フリードの開発担当者は、シエンタについて「サイズと価格帯が近くて3列シート車という点では共通するものの、直接的なライバルではないと考えている」と話す。たしかに車内のつくりはだいぶ違う。それでもユーザーは意識するだろう。
全長はフリードが4310㎜、シエンタは4260㎜。ともに小柄だが、車内が広々としている点は共通。ただしシエンタはフロアがサイドシルよりも低い位置にある。対してフリードは一般的なミニバンと同じで段差がない。まずこの点が大きく異なる。シエンタはコンパクトカーの延長上で3列シートを納めたパッケージングという印象である。
3列目シートにも注目だ。シエンタは簡易的なシートをダイブダウンして沈み込ませるシステムを採用。通常は格納した状態で使い、いざというときに3列目を出動させる使い方に向いている。フリードは、ミニバンらしい3列目シートを設定した。格納は跳ね上げ式。新型は跳ね上げた際の使い勝手が向上している。

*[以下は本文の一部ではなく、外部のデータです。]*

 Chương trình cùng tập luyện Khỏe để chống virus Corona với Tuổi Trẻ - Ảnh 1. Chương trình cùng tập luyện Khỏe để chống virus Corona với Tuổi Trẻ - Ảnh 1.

両車はハイブリッドの方式が異なるとおり、乗り味もだいぶ違う。ともに1.5ℓエンジンとモーターの組み合わせだがフリードのe:HEVは電動感があり、リニアな特性が魅力。シエンタのTHSは発進や再加速での力強さをアピールする味付けとなっている。また、音や振動については割り切った感のあるシエンタに対し、フリードはかなり綿密に手当てされている。
足回りの味付けは、新型フリードはしなやかな味わいに変化し、むしろシエンタのほうがときおり硬さを感じる。従来と立ち位置が逆になったように思える。
似て非なる2台。違うからこそ選び甲斐がある。